PROBLEM
Print exactly the lines that run from the one containing "1160 S Kings Drive — Charlotte" to the final line of the data, both included, and print none of the pictures.

STORED DATA
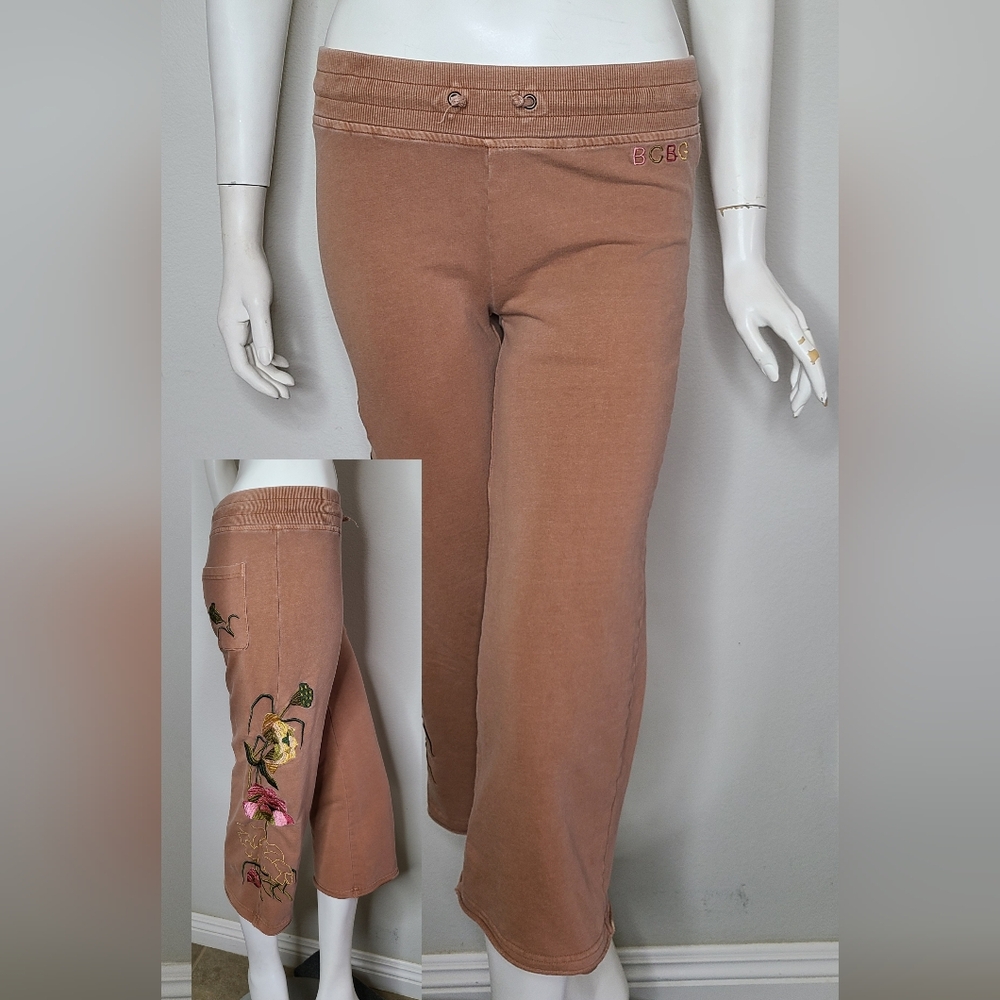 BCBG Women's Sweatpants with Floral Detail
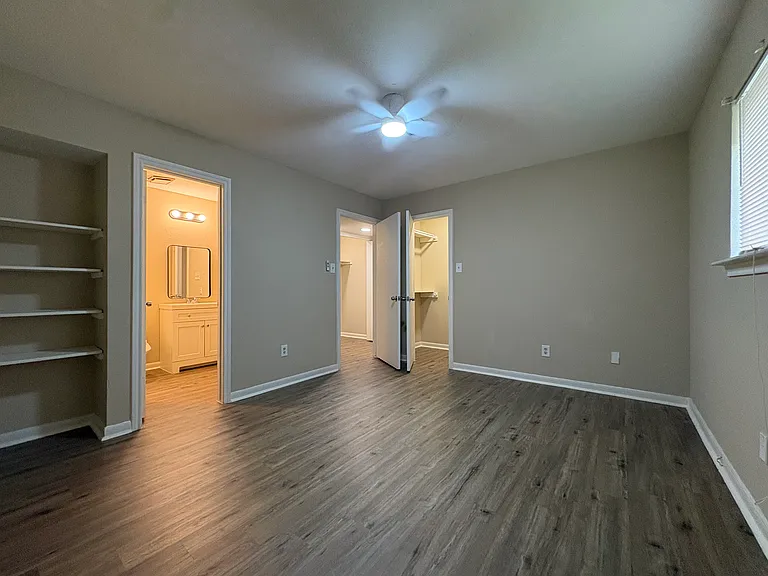 3221 Hirschfield Rd #B — Photo 7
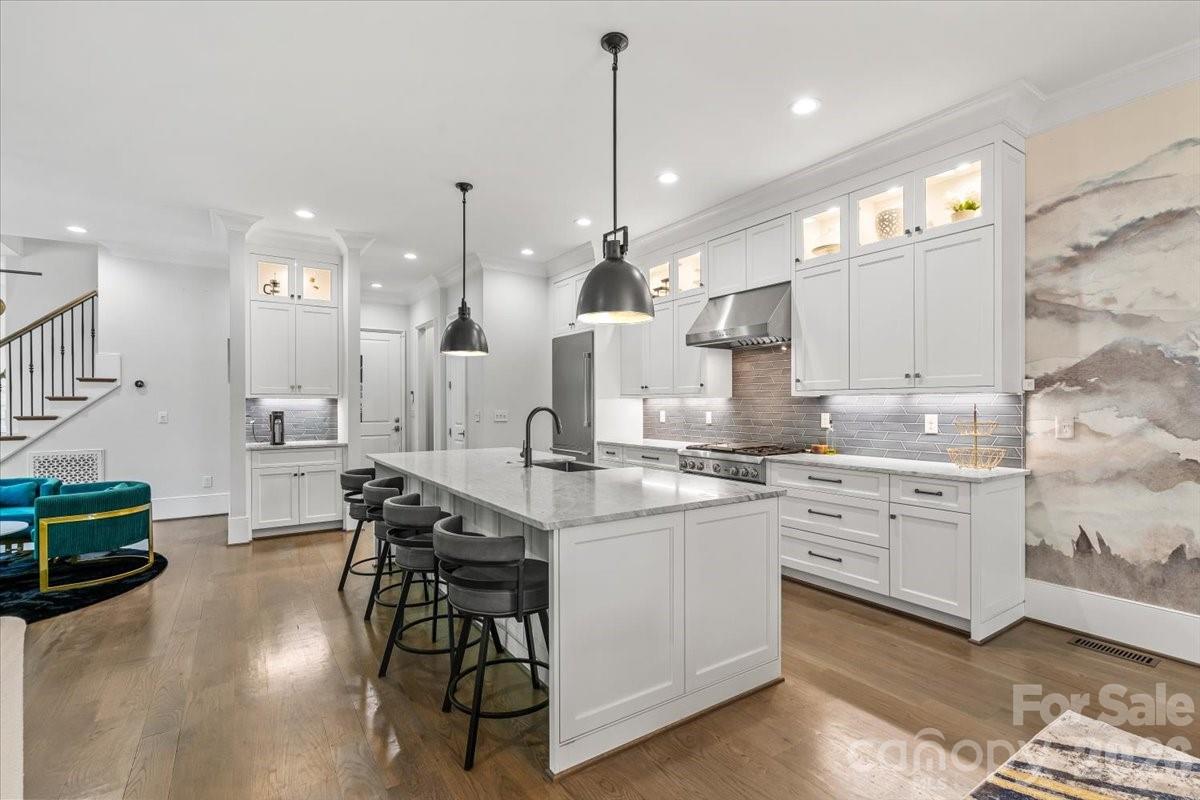 1160 S Kings Drive — Charlotte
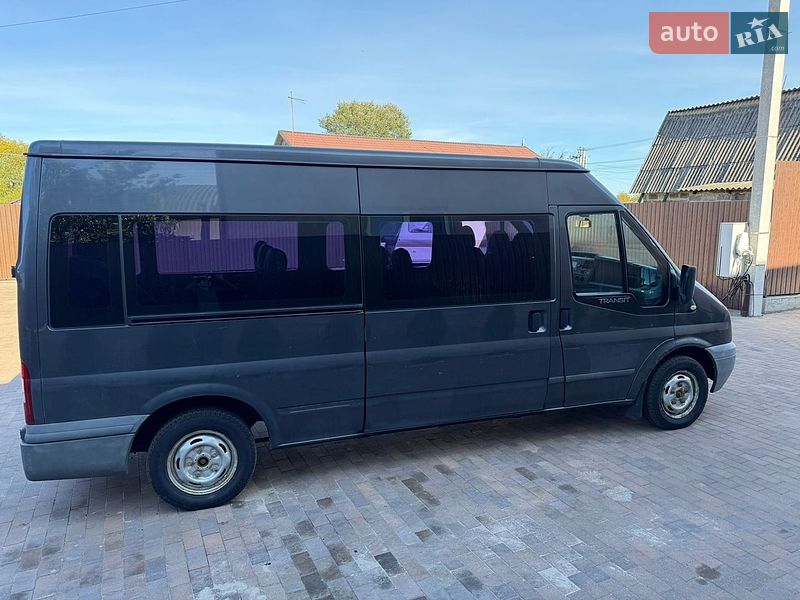 Мінівен Ford Transit 2008 в Бучі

RESULT
 1160 S Kings Drive — Charlotte
 Мінівен Ford Transit 2008 в Бучі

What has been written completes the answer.